One of the trolls, KidRockOfficial, created a fake Kid Rock fan account that even scored a repost from Donald Trump Jr., when the former president’s son (a friend of the real Kid Rock) shared it with his more than 6 million Instagram followers. After screenshotting the troll’s post — a memed conspiracy theory about gas prices and the bogus Covid cure Ivermectin originally posted to Gettr — and putting it on Instagram, Trump Jr. commented simply “Yup.”
Researchers linked the bogus “official” fan account on Gettr to Russia’s troll factory when they discovered an identical account on Gab — first identified by the FBI as run by Russia’s Internet Research Agency in 2020 — had resurfaced under the same handle to post the same content as its Gettr twin.

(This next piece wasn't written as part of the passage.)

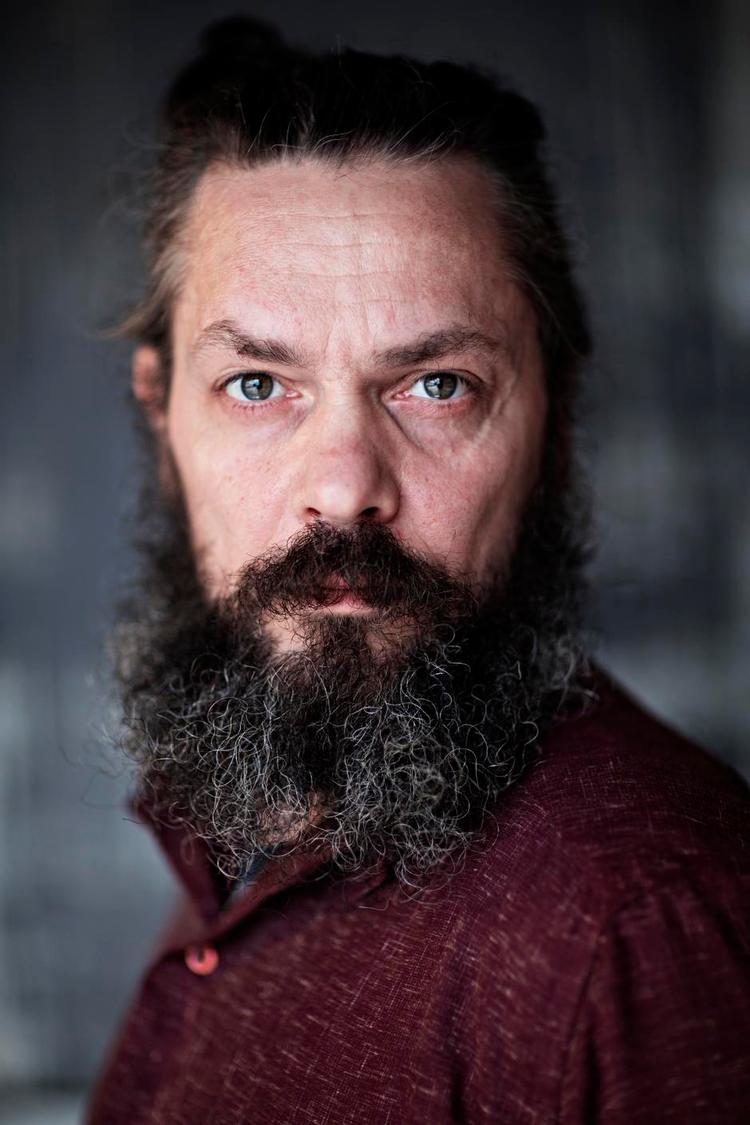 Ordspiller. Claus Ankersen har lagt vægt på sprogfornyelsen i sine limericks. Men dog med en småsjofel vinkel. Vi er jo et folk af lidrebasser.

The network engaged in a “deliberate effort to capitalize on public concerns about foreign interference in U.S. elections,” according to Graphika and Stanford researchers. Shortly before the midterm elections, accounts in the network sarcastically identified themselves as “Russian trolls,” just as Yevgeny Prigozhin, the Russian oligarch behind the Internet Research Agency, was trying to raise his own profile within Russia with public admissions that his troll farm was behind meddling in U.S. politics.
The trolls stuck to themes familiar to previous Russian influence operations, including support for fringe or far-right candidates. The trolls backed Kari Lake, the Trump-backed failed Republican candidate for governor, creating a “war room” account for Lake that has since pivoted to echoing bogus voter-fraud claims in the wake of her defeat. In addition to hyping Lake, the trolls also attacked Democratic Senate candidates in battleground states, such Raphael Warnock in Georgia and John Fetterman in Pennsylvania.
Aside from domestic politics, researchers found the troll network also spread lies about Ukraine and its efforts to fend off Russia’s aggression. The accounts found by the researchers pounced on a bizarre but popular right-wing conspiracy theory that FTX, a cryptocurrency exchange that recently was bankrupt, was somehow secretly funneling money to Ukraine to give to Democratic politicians. The meme — stolen from authentic American fever swamps — illustrates how even on familiar and important subjects like Moscow’s war on Ukraine, the trolls were often trying to catch up with the American fringe rather than directing it.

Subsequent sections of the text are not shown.